What is a NoSQL Query? Querying your NoSQL database is essential in many applications. The codehooks.io NoSQL database use a subset of the popular MongoDB NoSQL query language. NoSQL queries are used in the database API to find and filter data. NoSQL database queries are powerful tools for developing backend application logic.

REST API query

The NoSQL query language can be used directly for REST API queries when you use the 'crudlify' API. Read more about using REST API queries on this page.

NoSQL Query Example: A Complete Code Example for a Database REST API

The example serverless JavaScript function below shows how to create a REST API that runs a NoSQL query against the database to fetch 100 items from the customers collection where the customer.status equals GOLD.

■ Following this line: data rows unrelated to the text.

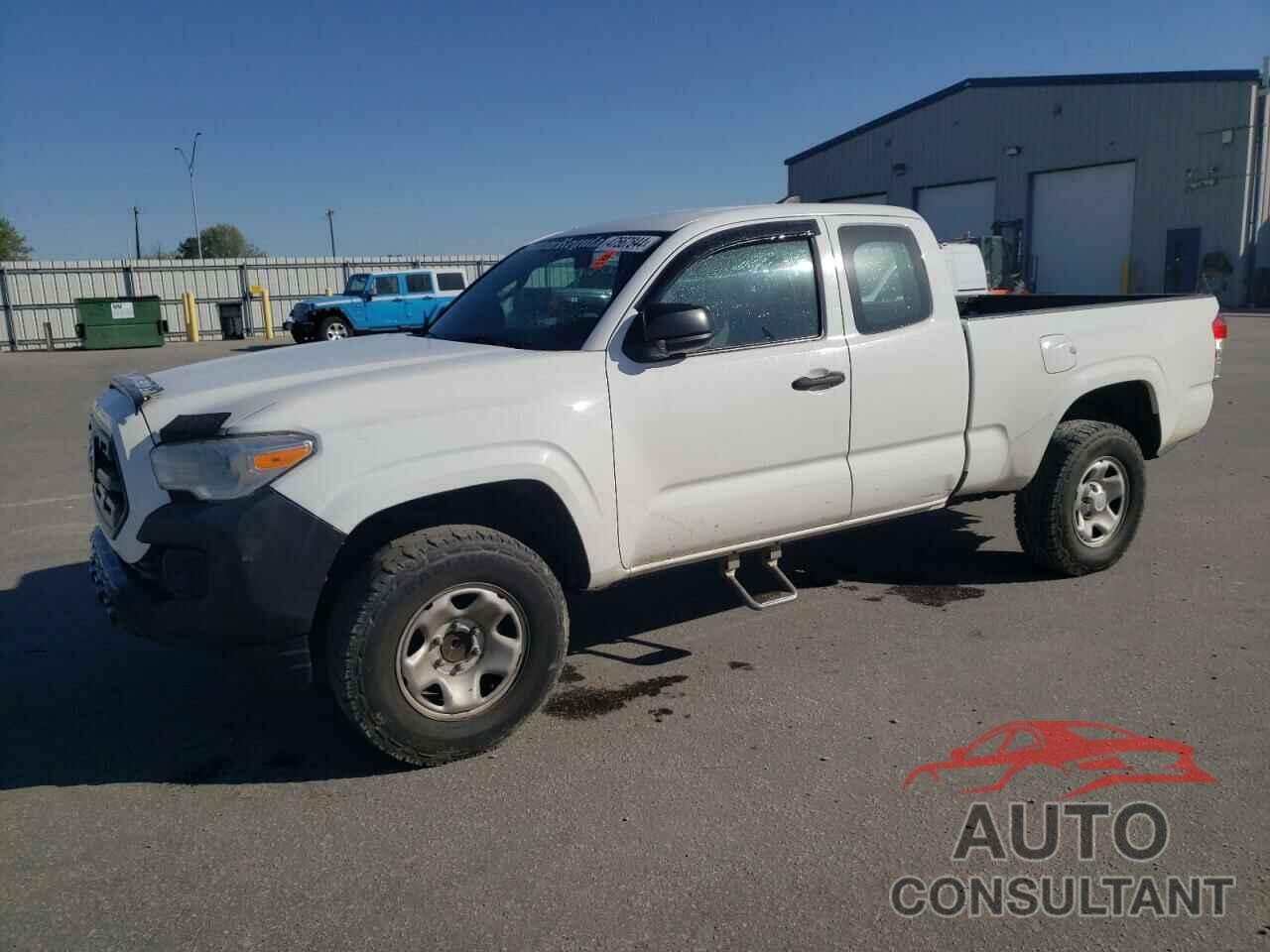 TOYOTA TACOMA 2016 - 5TFRX5GN4GX054310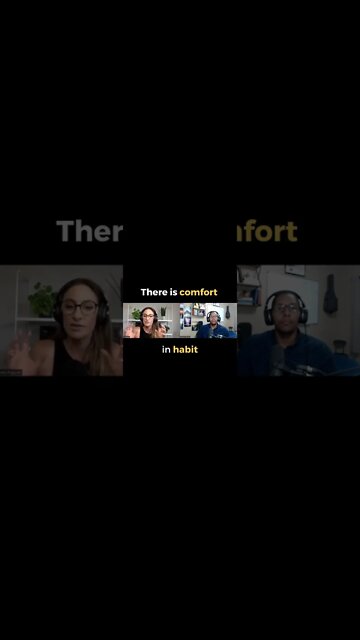 Are You STUCK in your old ways?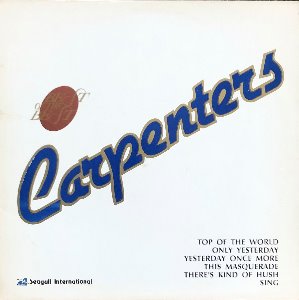 Carpenters - Best Of The Best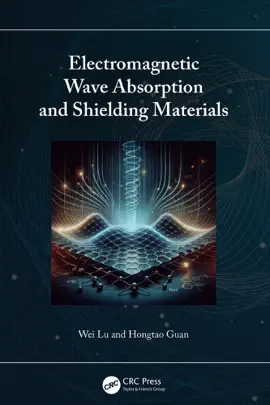 Read: Electromagnetic Wave Absorption and Shielding Materials Book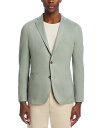 【送料無料】 ボリオリ メンズ ジャケット・ブルゾン アウター Superlight Jersey Slim Fit K. Jacket Light Green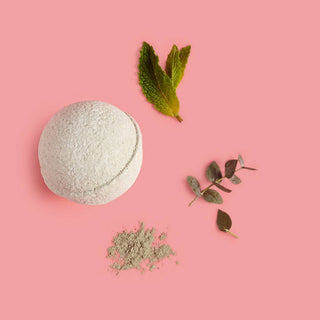 Wellness Bath Bomb Set - Iris & Stout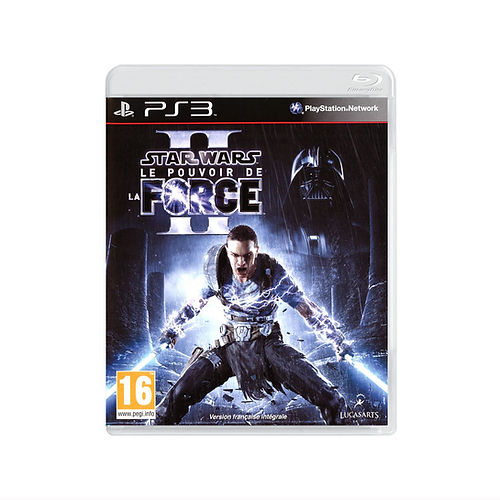 Star Wars Le Pouvoir de la Force PS3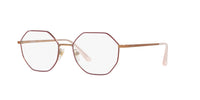 Vogue VO4094 Top Fuxia-Matte Rose Gold #colour_top-fuxia-matte-rose-gold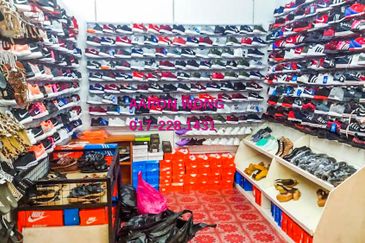 Kenanga Wholesale City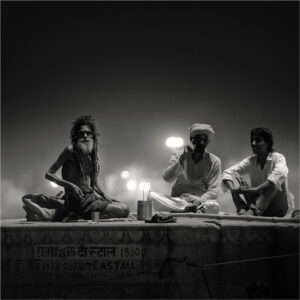 India Varanasi 4191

import {app, Datastore} from 'codehooks-js'

async function getData(req, res) {
const conn = await Datastore.open();
const query = {"status": "GOLD"};
const options = {
limit:100
}
conn.getMany('customers', query, options).json(res);
}

// Serverless REST API and query route
app.get('/customers', getData);

export default app.init(); // Bind functions to the serverless runtime
note

All query fields are case sensitive.

Filtering data from the database

Filter data using REST API NoSQL Query and logical operators

Filtering are performed using a combination of filters, logical and conditional operators explained below.

Quick overview

OperatorDescriptionExample
fieldMatch a single field value{"field": "value"}
fieldsMatch multiple fields and values{"field1": "value1", "field2": "value2"}
$regexMatch field with a regular expression{"field" : {$regex : "^foo"}}
$startsWithMatch field with start string segment{"field": {"$startsWith": "value"}}
$endssWithMatch field with end string segment{"field": {"$endsWith": "value"}}

Match multiple fields

Multiple fields are matched by name-value pairs in the a query:

const query = {"field1": "value1", "field2": "value2"}

This is actually the same as using the $and operator:

const query = {$and: [{"field1": "value1"}, {"field2": "value2"}]}

Match sub fields

Sub fields are matched by dot.property in the URL query parameter:

const query = {"field1.property": "value1"}

If your sub propery is an array, you must use the $elemMatch operator.

$regex operator

Match a regular expression against field. Optional $options values docs.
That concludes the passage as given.